● Your assignment: A single stretch of the material below is to be transcribed exactly, starting at the line with "EDM Glitchy White" and ending after the line with "Image of GoSriKi".

● Source data:
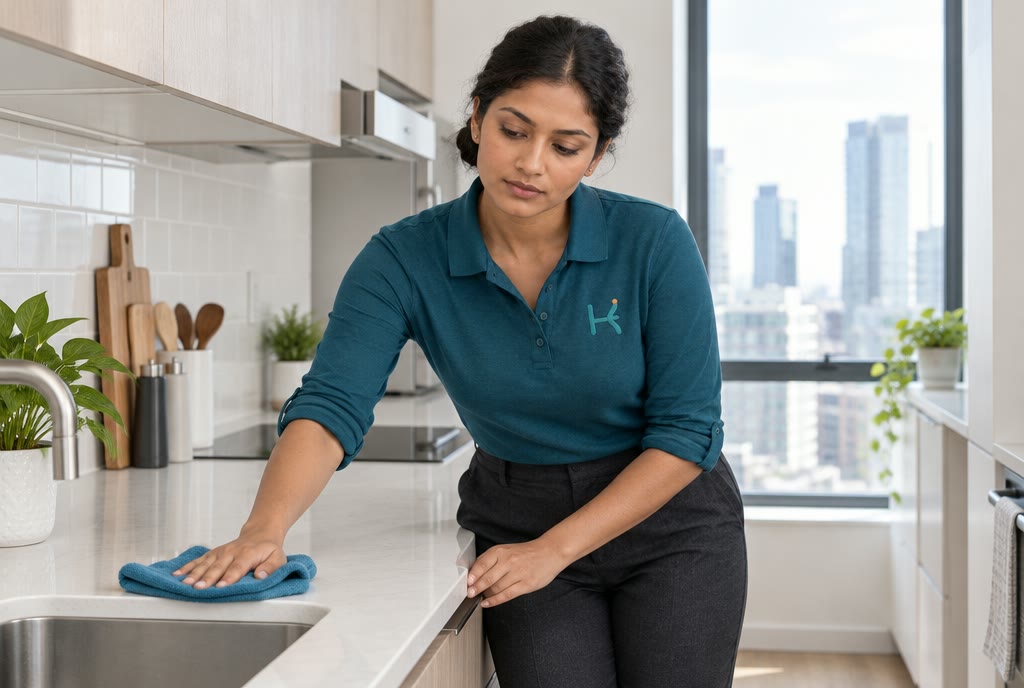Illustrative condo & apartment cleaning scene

---

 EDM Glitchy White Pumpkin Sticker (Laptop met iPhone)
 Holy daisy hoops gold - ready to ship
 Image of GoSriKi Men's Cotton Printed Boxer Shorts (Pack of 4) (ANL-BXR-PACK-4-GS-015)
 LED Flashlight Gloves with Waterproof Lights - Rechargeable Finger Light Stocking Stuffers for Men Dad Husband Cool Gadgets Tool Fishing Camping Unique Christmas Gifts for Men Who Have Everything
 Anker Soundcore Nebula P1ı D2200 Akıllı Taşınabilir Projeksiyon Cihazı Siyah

---

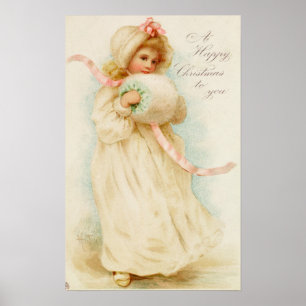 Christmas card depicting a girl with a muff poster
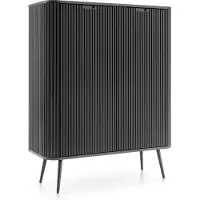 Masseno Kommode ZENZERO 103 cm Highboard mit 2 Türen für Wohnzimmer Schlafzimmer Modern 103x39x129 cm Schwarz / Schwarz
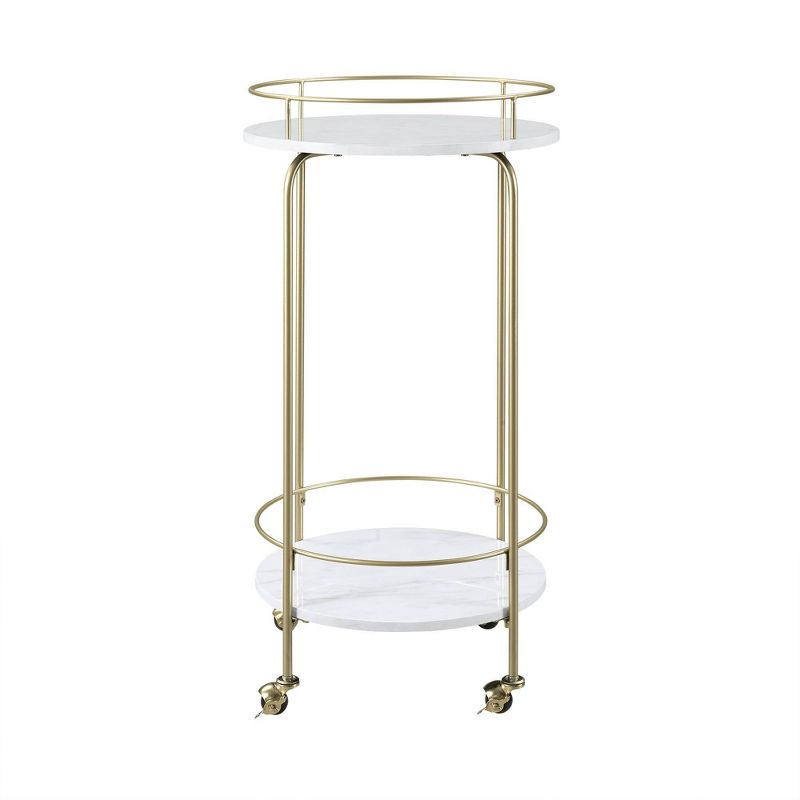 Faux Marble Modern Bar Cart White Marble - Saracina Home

● Result:
 EDM Glitchy White Pumpkin Sticker (Laptop met iPhone)
 Holy daisy hoops gold - ready to ship
 Image of GoSriKi Men's Cotton Printed Boxer Shorts (Pack of 4) (ANL-BXR-PACK-4-GS-015)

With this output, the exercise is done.